I will say that the recommendations you gave are directly inline with what I heard on other forums. Need to use #3 thhn.
So my grounding bar on my controller panel is not bonded to the box then?
There seems to be a screw in the binding bar that serves to bind it with the panel.
Can you confirm that the ground and neutral bars are essentially the same in my controller panel? I mean I will have bare copper grounding wire coming from the grounding/neutral bar in my main panel going to the grounding bar and a #10 thhn wire going from the neutral/grounding bar in my main panel going to the neutral bar in my controller panel.
So since both bars in my controller panel are connected to the neutral/grounding bars in my panel...can I just route grounds and neutral wires to either bar in the controller panel?
Does this make sense? I'm just curious because in the main panel in my house, neutral and grounds go to the same bar.
Is that because they are bonded?
Almost done with the panel, just waiting on the delay relays from china
Oh..btw, I have to use 10 gauge wire on y plugs because I'm using 30 amp double pole breakers.
Hey legally flying man!
This statement is entirely wrong and I think you were questioning it-
A quote from the guy that knows everything:
"All your grounding (green) wires need to be on one bar that is mounted on plastic insulators so that it will not bond with the enclosure."
And you know everything he told you is correct because he says so here:
My equipment (wire, grounding requirements) suggestions are very much correct
every calculated value in this statement is wrong lol. (LOL, LOL) -Not my quote.
If you listened to this erroneous advice you have a panel with an enclosure that is not Grounded! The Ground bus most certainly MUST be attached to the enclose! The Ground bus is bolted directly to the enclosure & ALL enclosures are Grounded.
The Neutral bus must NOT be BONDED to ground at the sub panel. The Neutral BOND is at the Service Equipment (First Disconnect) ONLY. (that screw you mentioned above is the Neutral BONDING Screw and is not used for your application.
If you are unsure about the Grounding and Bonding in your control panel send me an email & I promise not to give you advise that could possibly result in life threatening conditions!
Seems like everything else is cool -The 3AWG @ 100A breaker, 6AWG Ground wire (one thing though is that your incoming (feeder circuit from main panel) Neutral cannot be smaller than the required Ground wire but can otherwise be sized to the maximum unbalanced load (which just means that the Neutral must be sized so that is somebody loaded up the "side" with the most 120v circuits to max capacity, the neutral wire can carry the load).
The 30A breaker would get your install red-flagged by any inspector because the code says that a 15A receptacle can only be connected to a 15A circuit in the case of a single recept'. Two or more 15A receptacles can be installed on a 20A circuit as with a 20A receptacle>
BUT -There is part of art 410 that deals with lighting circuits that says that UL Listed HID luminaires with mogul (or heavy duty) base can be installed on circuits up to 50 amps, using receptacles and plugs rated under 50 amps as long as the receptacle/plug are rated at least 125% or the luminaire full load rating.
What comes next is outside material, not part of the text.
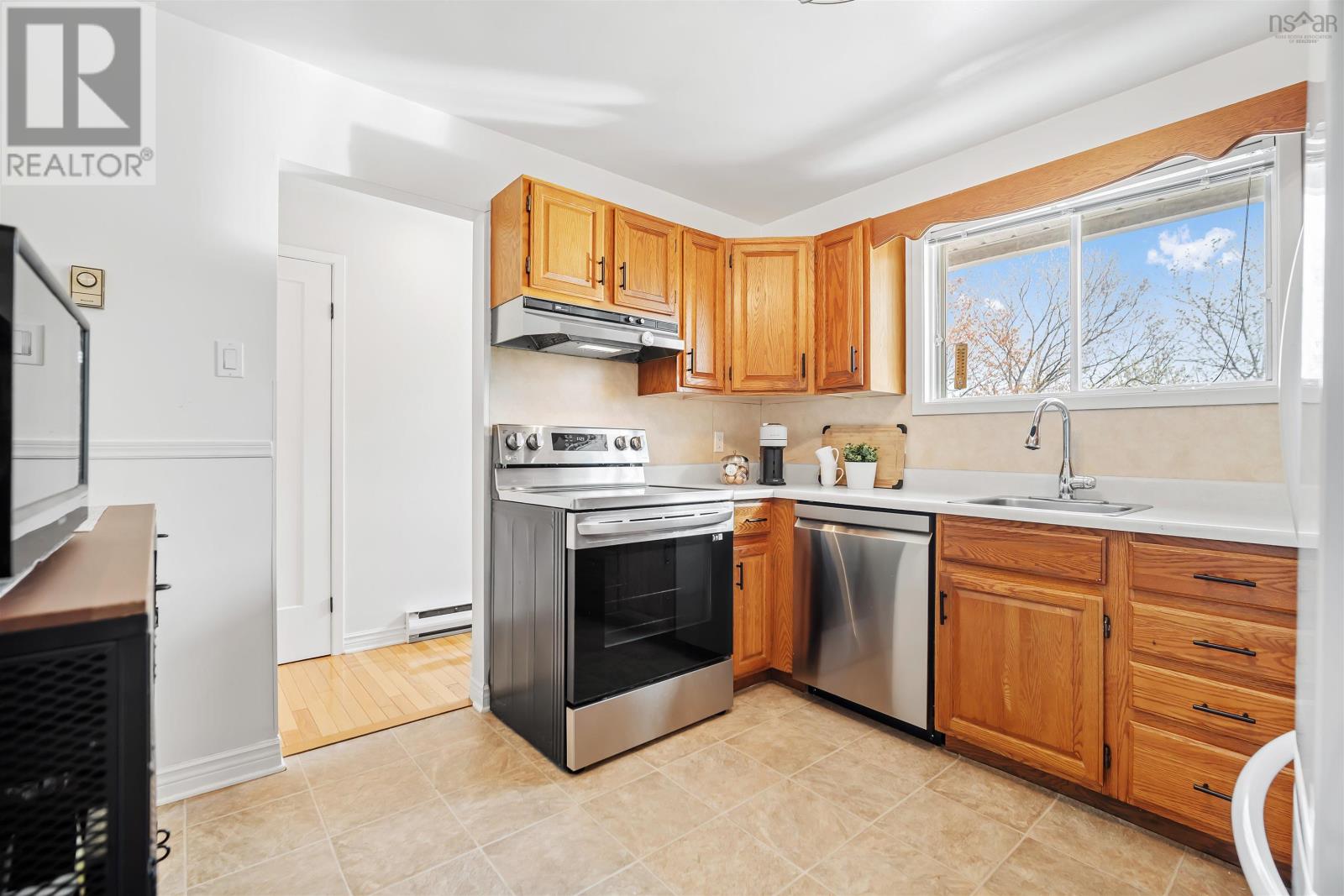Property 30 of 41 of 23 Meadowview Drive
It goes on to say that the luminaire must be located directly below the receptacle. THis is obviously for insdustrial and commercial high-bay /low-bay lighting BUT the way it reads, as long as your ballast (UL Listed luminaire) is installed below the outlet, we can run up to 50A circuits!
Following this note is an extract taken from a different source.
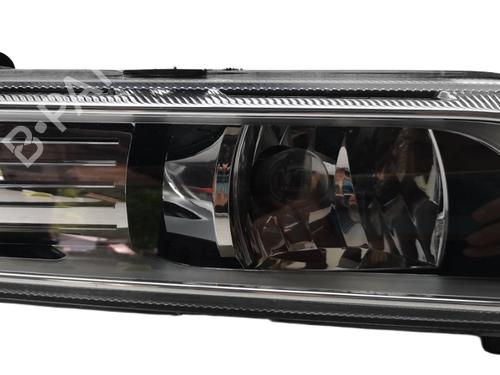 Used Right front fog light Right front fog light 38433266 38433266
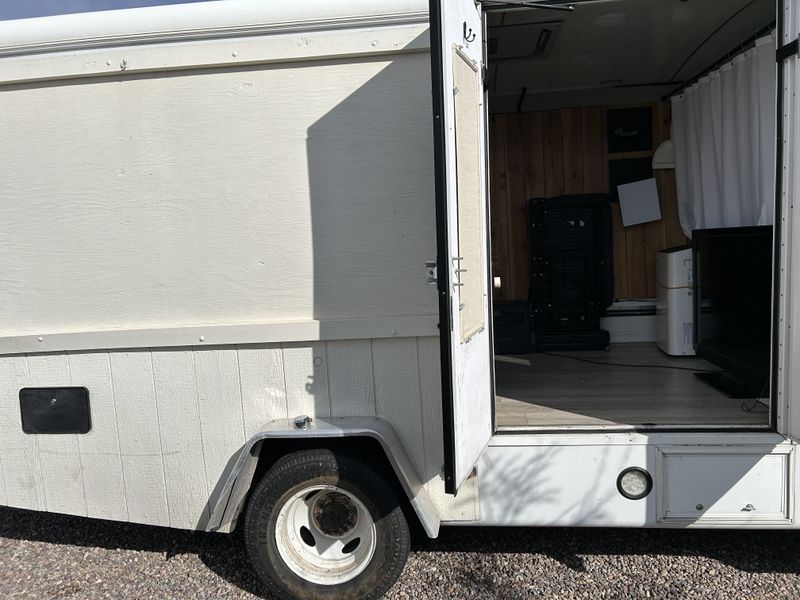 Picture 3/20 of a 2019 Ford E-350 Camper van for sale in Tucson, Arizona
I personally never go above 30A and just on a couple of my base controllers but I could go to 50A and be NEC compliant but only in a commercial setting. Another thing people don't ever talk about is that luminaires above 125v are not allowed to be installed in dwellings, hotel rooms, boarding houses, etc. So any lights running @240v are not code compliant anyway (a good comeback when some jerk starts knitpicking about NEC compliance). -That being said, I would not encourage you to run anything other than HID lighting on your 30A circuit(s). AND 4x 1000's will not trip a 20A 240v circuit even though you are running at 90% capacity. We have been using that 5A per 1Kw for years. If you were in the desert & the lights were on a 150ft run of wire & the electrical panel was FULL of breakers running at 90% continuously, you would probably have a tripping issue. It's called "nuisance tripping" and it is caused by the thermal mechanism of the thermal-magnetic breaker over heating (due to heat riding on the wire and ambient temp and the temp of other devices in the panel, etc). Nuisance tripping is more common when the wire runs are long, so a control panel with 24" between the breaker and receptacle rarely has this problem when running above 80% of the circuit capacity.
I've never understood why they didn't make 20A breakers capable of 20A continuously, etc. There are also a lot of breakers and devices that are 100% rated but they are mostly 250 amps and larger (like huge hydraulic 10,000 amp breakers).